The object of the Vegan Movement ("to end the exploitation of animals by man") is clarified as to the meaning of exploitation by Rule 4 (a), which pledges the Society to "seek to end the use of animals by man for food, commodities, work, hunting, vivisection, and all other uses involving exploitation of animal life by man." By the adoption of this rule, the Society has clearly come out on the side of the liberators; it is not so much welfare that we seek, as freedom. Our aim is not to make the present relationship between man and animal (which if honestly viewed is mostly one of master and slave) more tolerable, but to abolish it and replace it by something more worthy of man's high estate. In short, our aim is to set the creatures free — to return them to the balance and sanity of nature, which is their rightful place, and so to end the historic wrong perpetrated when man first decided he had the right to exploit and enslave them.

The second broad aspect of the vegan aim is its effect upon human evolution. Apart from the abolition of an enormous burden of cruelty which is bound constantly to return like a boomerang upon humanity's own head, it has to be remembered that in any relationship of master and slave, the greatest and deepest harm is suffered not by the slave, but by the master. Until the present relationship between man and his fellow creatures is replaced by one of companionship on a relatively equal footing, the pursuit of happiness by man is foredoomed to a painful and tragic frustration.

These are the broadest effects of the new constitution, but there are other aspects which should perhaps be touched upon. It is now possible to join the Society either as a full member or as an associate, and the Committee asks each existing member to state in which category he or she wishes to be. It may therefore be helpful to point out that the new rules define a member as one who undertakes to live out vegan principles as far as he or she is able according to circumstances. In other words what is required is one's honest best; and honest in this context means reasonable also. No one should deny themselves the benefits of full membership simply because circumstances preclude as great a degree of consistency as might otherwise be desired. The great thing is to be vegan in spirit, and then to do one's best. An associate is one who is with us in principle, but who wishes to give no kind of undertaking as to practice. The line of demarcation is, therefore, not rigid consistency, but endeavor.

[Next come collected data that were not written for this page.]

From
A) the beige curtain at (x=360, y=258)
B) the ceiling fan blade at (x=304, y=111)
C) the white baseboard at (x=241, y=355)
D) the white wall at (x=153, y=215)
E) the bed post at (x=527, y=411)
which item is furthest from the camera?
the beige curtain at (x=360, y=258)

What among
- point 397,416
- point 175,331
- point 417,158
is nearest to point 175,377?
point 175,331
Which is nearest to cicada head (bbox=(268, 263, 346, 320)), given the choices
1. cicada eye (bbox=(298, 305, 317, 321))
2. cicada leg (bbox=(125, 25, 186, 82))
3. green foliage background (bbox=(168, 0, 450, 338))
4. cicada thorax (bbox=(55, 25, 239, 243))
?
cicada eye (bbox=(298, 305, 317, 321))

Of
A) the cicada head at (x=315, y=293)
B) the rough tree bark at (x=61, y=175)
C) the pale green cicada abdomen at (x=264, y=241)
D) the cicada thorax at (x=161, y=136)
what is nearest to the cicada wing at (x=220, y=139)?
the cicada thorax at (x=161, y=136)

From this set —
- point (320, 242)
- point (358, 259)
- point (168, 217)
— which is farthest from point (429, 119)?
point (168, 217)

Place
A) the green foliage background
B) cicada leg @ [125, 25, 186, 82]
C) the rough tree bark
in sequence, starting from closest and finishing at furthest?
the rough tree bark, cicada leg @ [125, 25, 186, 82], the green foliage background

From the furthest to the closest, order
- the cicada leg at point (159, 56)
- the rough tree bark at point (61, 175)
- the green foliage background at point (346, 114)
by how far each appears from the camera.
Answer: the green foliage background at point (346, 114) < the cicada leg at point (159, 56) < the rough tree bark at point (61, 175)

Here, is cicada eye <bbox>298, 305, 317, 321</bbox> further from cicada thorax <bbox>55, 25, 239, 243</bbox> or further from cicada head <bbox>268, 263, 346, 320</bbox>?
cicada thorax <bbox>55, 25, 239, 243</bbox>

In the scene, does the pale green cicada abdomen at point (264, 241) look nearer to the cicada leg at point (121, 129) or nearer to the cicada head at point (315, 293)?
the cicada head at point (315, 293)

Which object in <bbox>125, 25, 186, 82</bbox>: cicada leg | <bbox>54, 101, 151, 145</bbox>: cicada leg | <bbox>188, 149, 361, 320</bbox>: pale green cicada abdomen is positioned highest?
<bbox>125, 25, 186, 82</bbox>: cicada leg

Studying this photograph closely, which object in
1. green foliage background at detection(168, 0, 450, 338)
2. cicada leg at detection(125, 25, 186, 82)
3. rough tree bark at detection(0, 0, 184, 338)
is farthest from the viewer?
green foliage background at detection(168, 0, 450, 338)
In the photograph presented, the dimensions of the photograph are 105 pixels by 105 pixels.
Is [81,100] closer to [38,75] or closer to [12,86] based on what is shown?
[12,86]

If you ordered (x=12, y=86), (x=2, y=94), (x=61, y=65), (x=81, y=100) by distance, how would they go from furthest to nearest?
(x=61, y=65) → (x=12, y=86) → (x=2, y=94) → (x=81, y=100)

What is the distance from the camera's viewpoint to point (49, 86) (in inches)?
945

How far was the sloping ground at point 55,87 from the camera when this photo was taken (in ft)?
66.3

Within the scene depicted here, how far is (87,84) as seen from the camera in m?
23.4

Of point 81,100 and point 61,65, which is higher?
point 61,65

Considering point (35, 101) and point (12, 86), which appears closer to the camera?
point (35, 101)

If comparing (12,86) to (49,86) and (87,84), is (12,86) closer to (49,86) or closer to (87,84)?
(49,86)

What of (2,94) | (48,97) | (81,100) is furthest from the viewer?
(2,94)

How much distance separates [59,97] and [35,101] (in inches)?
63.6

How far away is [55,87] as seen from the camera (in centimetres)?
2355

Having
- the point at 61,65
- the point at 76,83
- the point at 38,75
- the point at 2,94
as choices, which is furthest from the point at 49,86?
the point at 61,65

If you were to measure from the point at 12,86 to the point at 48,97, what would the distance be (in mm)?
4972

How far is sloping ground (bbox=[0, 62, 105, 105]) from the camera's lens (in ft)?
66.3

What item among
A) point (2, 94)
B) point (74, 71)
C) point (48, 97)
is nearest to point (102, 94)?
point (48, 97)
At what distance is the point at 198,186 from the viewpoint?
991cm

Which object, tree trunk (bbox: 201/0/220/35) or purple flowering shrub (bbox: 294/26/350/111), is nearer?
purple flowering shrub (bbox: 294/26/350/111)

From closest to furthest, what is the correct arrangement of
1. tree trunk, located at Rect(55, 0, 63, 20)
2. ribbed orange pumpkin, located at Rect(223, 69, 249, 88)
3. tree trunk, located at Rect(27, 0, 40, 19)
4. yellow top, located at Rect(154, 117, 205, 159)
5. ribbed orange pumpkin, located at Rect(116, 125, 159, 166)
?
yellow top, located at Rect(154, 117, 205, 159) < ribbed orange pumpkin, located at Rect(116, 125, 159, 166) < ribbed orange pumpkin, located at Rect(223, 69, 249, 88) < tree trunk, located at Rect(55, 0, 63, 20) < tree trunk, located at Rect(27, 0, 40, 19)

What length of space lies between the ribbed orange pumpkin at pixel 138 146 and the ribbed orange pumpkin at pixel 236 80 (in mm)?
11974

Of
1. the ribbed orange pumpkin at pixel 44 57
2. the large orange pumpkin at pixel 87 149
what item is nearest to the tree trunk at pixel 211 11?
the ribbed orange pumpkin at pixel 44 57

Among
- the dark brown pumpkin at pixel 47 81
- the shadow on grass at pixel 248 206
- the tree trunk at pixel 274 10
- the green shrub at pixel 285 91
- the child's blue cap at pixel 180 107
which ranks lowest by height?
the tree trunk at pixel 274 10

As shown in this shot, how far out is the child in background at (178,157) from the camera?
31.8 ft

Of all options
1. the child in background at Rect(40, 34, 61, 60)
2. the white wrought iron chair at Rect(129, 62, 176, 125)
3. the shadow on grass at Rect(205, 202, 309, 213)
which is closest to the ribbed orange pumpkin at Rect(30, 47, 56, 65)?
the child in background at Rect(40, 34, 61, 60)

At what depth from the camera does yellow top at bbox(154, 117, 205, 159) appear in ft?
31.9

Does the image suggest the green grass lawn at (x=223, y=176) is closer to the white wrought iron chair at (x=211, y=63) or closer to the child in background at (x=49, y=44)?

The annual subscription has been raised to 7s. 6d. and life membership to 7 guineas. The Committee has decided that the annual subscription shall in future cover the period January 1st to December 31st, and shall become payable on January 1st each year.

One other important operation performed by the new rules is an increase in the unity of the Movement by making it possible for the London Vegan Group to end its separate existence and become a branch of the Society. Constitutionally, the London Vegan Group is older that The Vegan Society, and is an organisation in its own right. By allowing for the setting up of branches of the Society, the new rules clear the way for the London Vegan Group to integrate itself into a united movement.

It is perhaps not too much to claim for the new constitution that it marks the true birth of The Vegan Society. It should be read and understood by all who contemplate joining us, for there, enshrined and embedded in words which are necessarily formal, lies all that we stand for and hope, one glorious day, to achieve.